[RECORDS FOR THE TASK Boundary: Start]

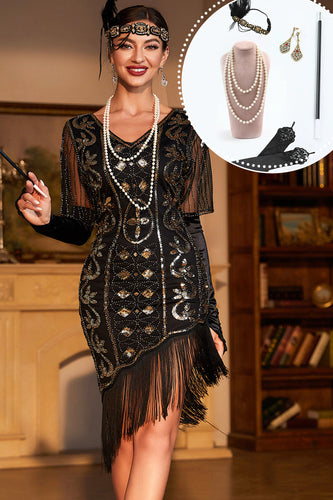 Glitzerndes schwarzes Paillettenkleid aus den 1920er Jahren mit Accessoires aus den 20er Jahren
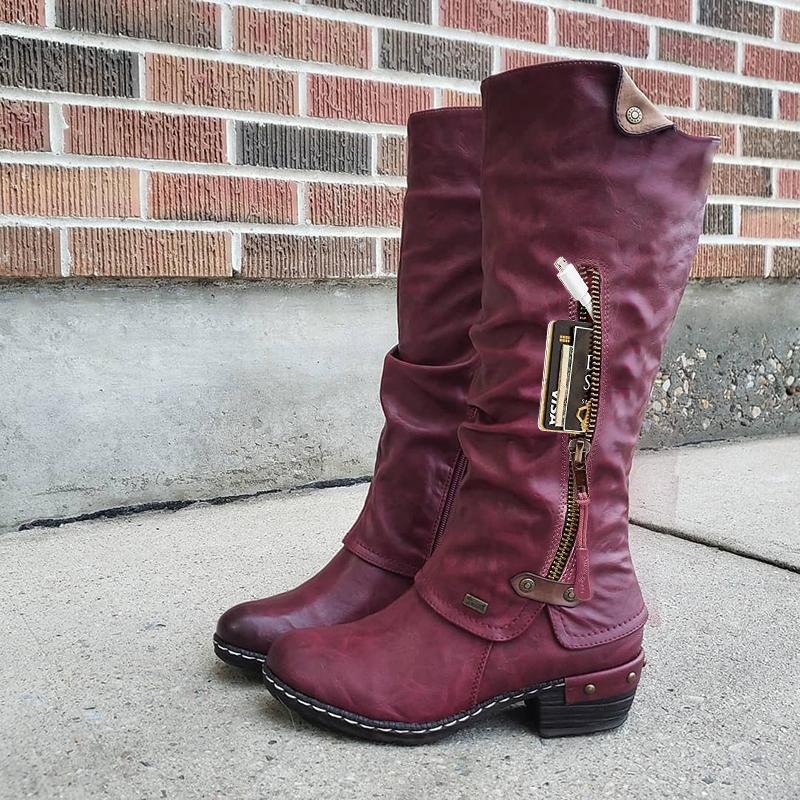 ALAINA - ZIPPERED AND POCKETED BOOTS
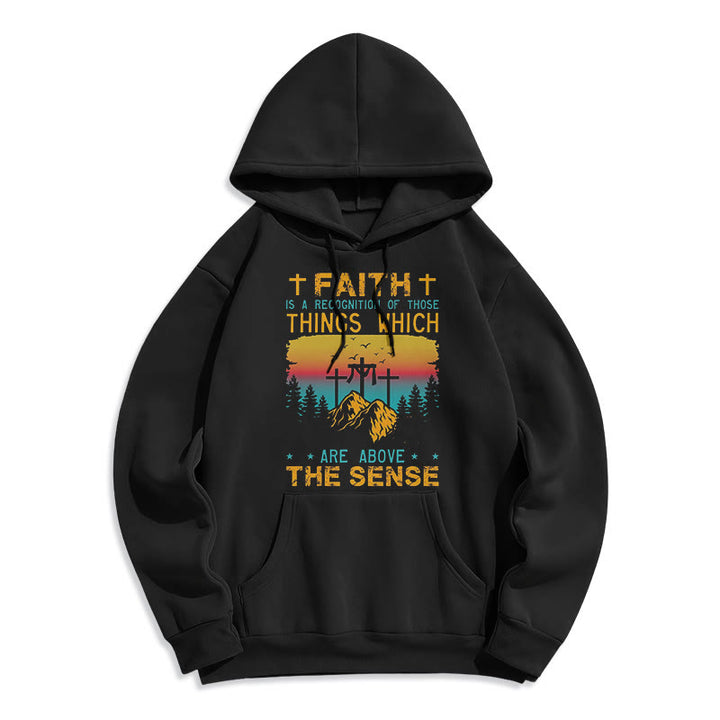 Christianartworkshop Farbiger Stil Faith Is A Recognition Fleece-gefütterter Polyester-Kapuzenpullover - Schwarz - 2XL - image 5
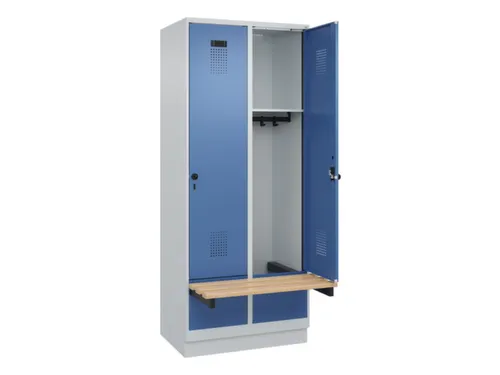 locker met bank,HxBxD 1950x800x815mm,2vak,vak B 400mm,draaigrendel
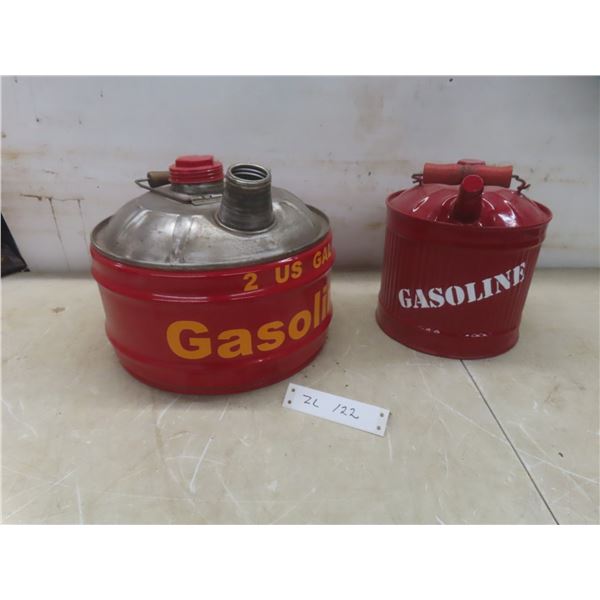 Two Metal Gas Containers, One Missing Cap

[RECORDS FOR THE TASK Boundary: End]

• _WHAT YOU WILL DO_
Word for word, retype the material above without its pictures.

• _WRITTEN RESPONSE_
 Glitzerndes schwarzes Paillettenkleid aus den 1920er Jahren mit Accessoires aus den 20er Jahren
 ALAINA - ZIPPERED AND POCKETED BOOTS
 Christianartworkshop Farbiger Stil Faith Is A Recognition Fleece-gefütterter Polyester-Kapuzenpullover - Schwarz - 2XL - image 5
 locker met bank,HxBxD 1950x800x815mm,2vak,vak B 400mm,draaigrendel
 Two Metal Gas Containers, One Missing Cap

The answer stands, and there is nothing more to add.